By Dimos T. Touloumidis, supervised by Prof. dr. ir. Nick van de Giesen

Precipitation over Africa can be estimated in three different ways, with ground-based rainfall products, with weather radars or with satellite rainfall products. Rain gauge is the most accurate way of measuring rainfall but there is an important limitation about the stations’ density. The low coverage of the in situ stations and the limitations of the weather radars led to solution of satellite products; the satellite rainfall and soil moisture products are available globally with lower accuracy. The recent satellite products GSMaP and IMERG (JAXA/Japan, NASA/USA, etc.) are providing a spatial resolution of 0.1o and temporal resolution of 30 minutes. Apart from precipitation, soil moisture data can be derived using the backscatter radiation (ASCAT, AMSR-E, SMOS, SMAP). Recent study, proposed a “bottom-up” approach for the estimation of precipitation, developing an algorithm to derive precipitation using soil moisture products and the results showed a significant Pearson correlation (R) between soil moisture and precipitation reaching a global median of 0.542 (using ASCAT-derived products). The three major limitations of the aforementioned algorithm are the fact that the backscatter signal corresponds to the upper surface of the ground (< 7 cm.), the resolution the pixels which are about 20 kilometres and the heterogeneity of the soil.

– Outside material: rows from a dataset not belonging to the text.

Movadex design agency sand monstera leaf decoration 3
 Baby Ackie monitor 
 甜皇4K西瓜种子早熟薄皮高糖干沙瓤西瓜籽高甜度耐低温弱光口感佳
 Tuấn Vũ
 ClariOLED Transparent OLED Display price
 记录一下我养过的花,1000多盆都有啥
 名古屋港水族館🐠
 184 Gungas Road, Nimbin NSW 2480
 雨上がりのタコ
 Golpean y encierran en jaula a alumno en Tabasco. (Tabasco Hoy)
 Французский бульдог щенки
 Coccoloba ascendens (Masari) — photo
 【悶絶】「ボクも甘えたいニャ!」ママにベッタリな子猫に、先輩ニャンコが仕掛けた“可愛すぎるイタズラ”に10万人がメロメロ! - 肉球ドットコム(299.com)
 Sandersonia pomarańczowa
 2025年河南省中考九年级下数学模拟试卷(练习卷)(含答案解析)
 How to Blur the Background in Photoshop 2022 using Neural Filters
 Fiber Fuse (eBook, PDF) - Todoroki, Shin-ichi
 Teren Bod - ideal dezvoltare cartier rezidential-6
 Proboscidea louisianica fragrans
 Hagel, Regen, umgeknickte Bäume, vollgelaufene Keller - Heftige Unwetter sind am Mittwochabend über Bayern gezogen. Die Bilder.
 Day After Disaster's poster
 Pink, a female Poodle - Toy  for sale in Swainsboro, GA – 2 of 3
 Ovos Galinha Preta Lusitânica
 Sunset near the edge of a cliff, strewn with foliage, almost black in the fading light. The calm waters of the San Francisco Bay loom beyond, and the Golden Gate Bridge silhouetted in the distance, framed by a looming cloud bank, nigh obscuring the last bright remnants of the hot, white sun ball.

The imaging radar mission Sentinel-1, which was launched by 2016, is equipped with the Synthetic Aperture Radar (SAR) which provides C-band imagery with a typical resolution of 10 meters (for level 1 products) and temporal resolution of six days. The high resolution of SAR imageries can offer the retrieval of soil moisture inhomogeneous patches, overcoming the limitation of the heterogeneity. At the same time, a careful selection of specific patches, with known properties, shape and size can play an important role to retrieve reliable values of soil moisture.

The objective of the study is to evaluate whether the homogeneous patches in the landscape of Ghana (e.g., soccer fields) can be used as rainfall detectors using a “bottom-up” algorithm based on soil moisture (backscatter radiation imageries).